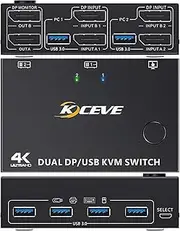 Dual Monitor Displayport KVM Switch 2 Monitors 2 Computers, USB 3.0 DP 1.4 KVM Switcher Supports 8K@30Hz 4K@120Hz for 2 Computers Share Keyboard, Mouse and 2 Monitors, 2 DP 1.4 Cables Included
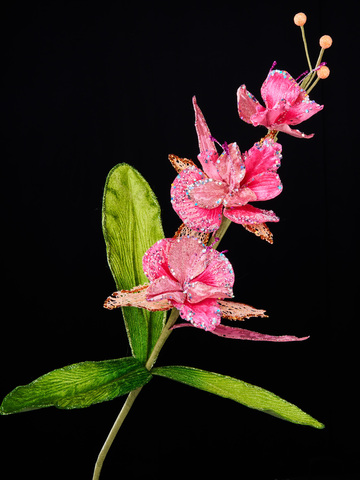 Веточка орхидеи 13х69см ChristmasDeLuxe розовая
* * *
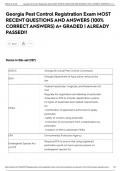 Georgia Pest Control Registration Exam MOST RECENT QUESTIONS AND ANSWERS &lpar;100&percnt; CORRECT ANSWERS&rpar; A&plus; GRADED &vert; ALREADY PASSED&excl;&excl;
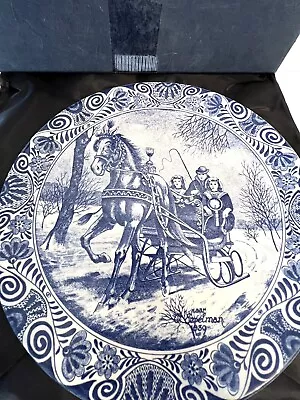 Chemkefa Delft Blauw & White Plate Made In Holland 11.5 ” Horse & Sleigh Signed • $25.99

ACTIVITY -> Within the listing above, the lines starting at the one containing "Dual Monitor Displayport" and ending at the one containing "Веточка орхидеи 13х69см" are to be returned exactly. Omit the pictures.

TASK OUTPUT ->
 Dual Monitor Displayport KVM Switch 2 Monitors 2 Computers, USB 3.0 DP 1.4 KVM Switcher Supports 8K@30Hz 4K@120Hz for 2 Computers Share Keyboard, Mouse and 2 Monitors, 2 DP 1.4 Cables Included
 Веточка орхидеи 13х69см ChristmasDeLuxe розовая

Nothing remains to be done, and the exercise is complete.